Diff trackerRecords committed file deltas for the current turn so clients can show a turn diff.

Source readers also know that patch arguments can stream, patch events can begin/update/end before final success, shell/unified-exec can delegate to the patch runtime, remote filesystems can alter where patching executes, and denied or failed patches still need clear model-visible results.

Approval, Permissions, Guardian, and Network

LayerDetail
Approval policyUnlessTrusted, OnFailure, OnRequest, Granular, and Never decide whether prompts are shown, auto-rejected, or escalated.
Permission profileFilesystem and network permissions are richer than legacy sandbox modes; profiles can be built in, active by name, or extended by additional permissions.
Approval requirementA command may be auto-approved, require user approval, be denied by policy, or require an exec-policy amendment.
Approval cacheSome approvals can be cached for the turn or session so repeated equivalent requests do not prompt endlessly.
Request permissionsThe model can request additional permissions through a tool path that is itself governed by approval policy.
HooksPermission-request hooks may decide before Guardian or user approval, and post-tool hooks can replace model-visible output.
GuardianAutomatic review can cover shell, unified exec, patch, network, MCP, and permissions requests. It should fail closed on timeout or reviewer failure.
Network approvalNetwork access can be immediate or deferred, involve host approval caches, managed proxy registration, cancellation on denial, and policy amendments.

Honest security language matters: approval is a decision process, permission profiles describe intended access, and sandboxing is enforcement only when the chosen platform/backend actually enforces it.

Sandbox Platform Behavior

Platform/pathSource-reader fact
PreferenceTool requests can prefer sandboxing automatically, require it, or forbid it.
OverrideSome decisions can bypass the first sandbox attempt, but only through explicit policy.
macOSSeatbelt profiles enforce file and network limits and protect sensitive roots such as repository or Codex metadata where configured.
LinuxThe runtime can choose Landlock or bubblewrap-like helpers; platform sandbox selection can fall back to SandboxType::None, while helper launch failures remain execution errors.
WindowsElevated, unelevated, and restricted-token behavior differ; compatibility limits can force refusal rather than unsafe fallback.
External sandboxThe runtime may know it is already inside a sandbox and preserve only the network semantics it can reason about.
Remote execRemote execution can participate in the filesystem/sandbox story instead of using local process launch.

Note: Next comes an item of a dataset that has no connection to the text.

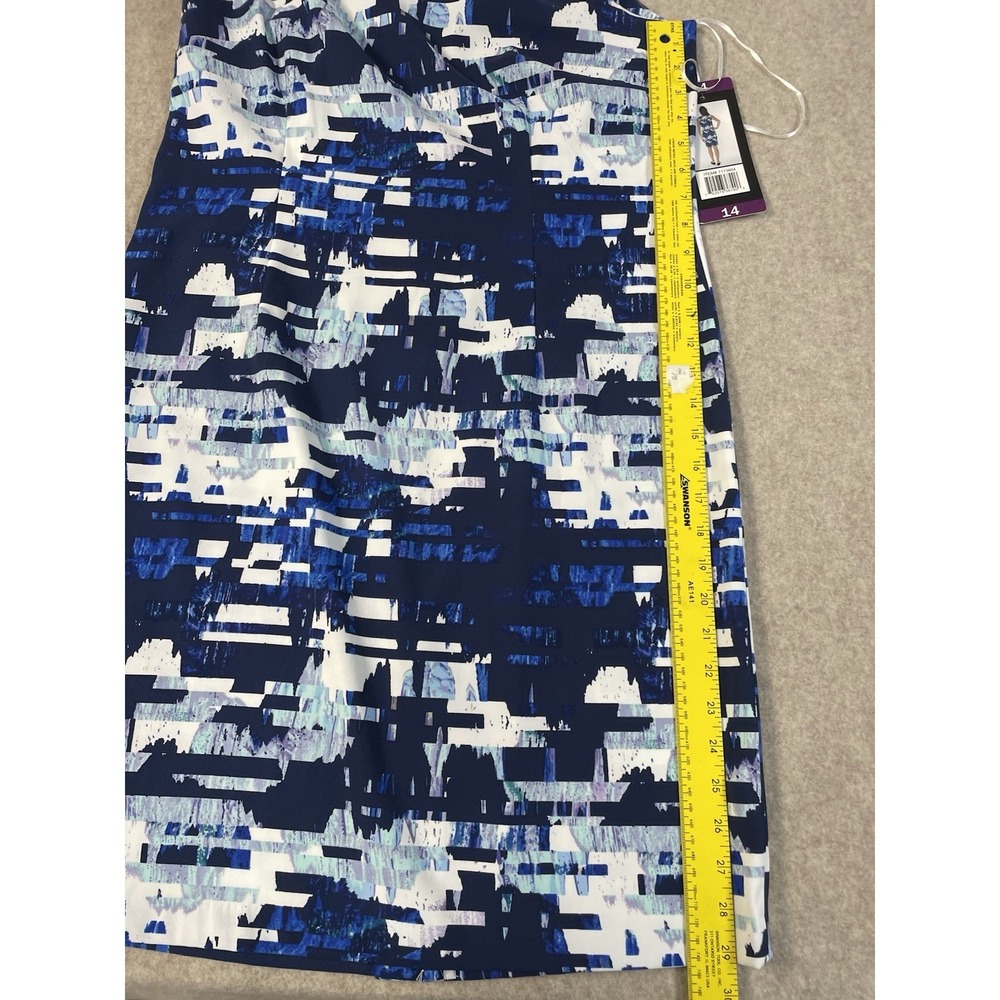 NWT Mario Serrani Italy Sleeveless Sheath Dress Blue Knee Length Size 14 - Picture 9 of 12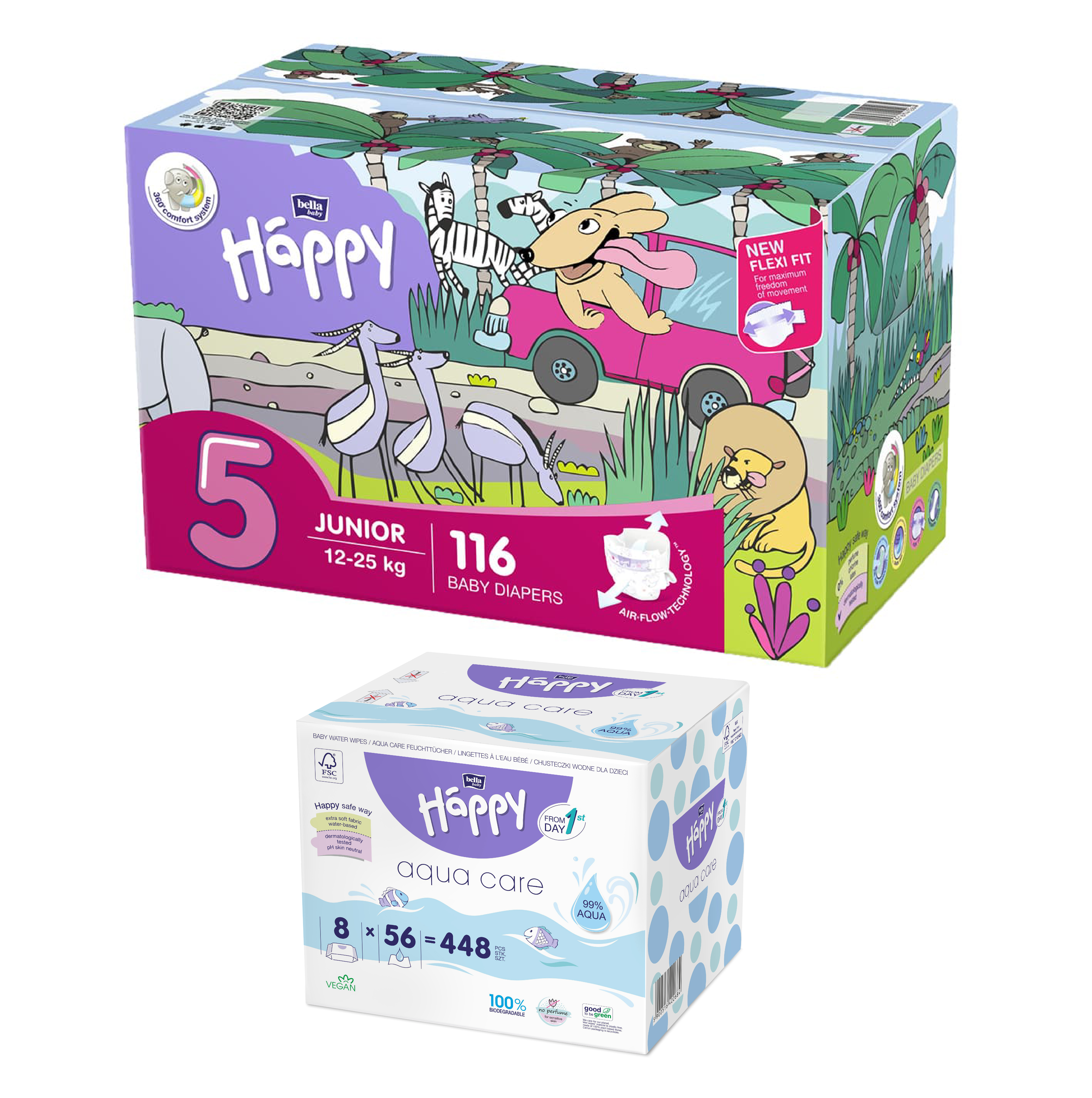 Happy Box Windeln Gr.5 Junior 12-25kg 116 St. + 8er Aqua Care Feuchttücher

Sandbox denial is a policy signal, not just a process error. It can carry a network policy decision and may or may not be eligible for unsandboxed retry.

MCP, Apps, Plugins, and Skills

ExtensionWhat source readers know
MCP serversCan be stdio or streamable HTTP, have env vars, bearer-token env vars, required/disabled state, startup/tool timeouts, auth status, OAuth edge cases, and per-tool approval config.
MCP toolsCan be allow/deny filtered, listed from startup snapshots or cache, marked with sandbox metadata, and governed by elicitation policy.
Apps/connectorsExpose connector metadata and app-owned tools, may depend on auth availability, and may cache available tool lists.
PluginsHave manifests, bundled skills/hooks/apps/MCP servers, marketplace caches, availability policy, install/uninstall/share flows, and plugin skill roots.
SkillsAre instruction bundles loaded from explicit mentions, dependencies, disabled paths, bundled collections, or plugin roots.
MentionsUser input can include structured mentions that affect turn-scoped context and tool availability.
HooksSession start, user prompt submit, pre/post tool use, permission request, stop, and after-agent hooks are policy extension points.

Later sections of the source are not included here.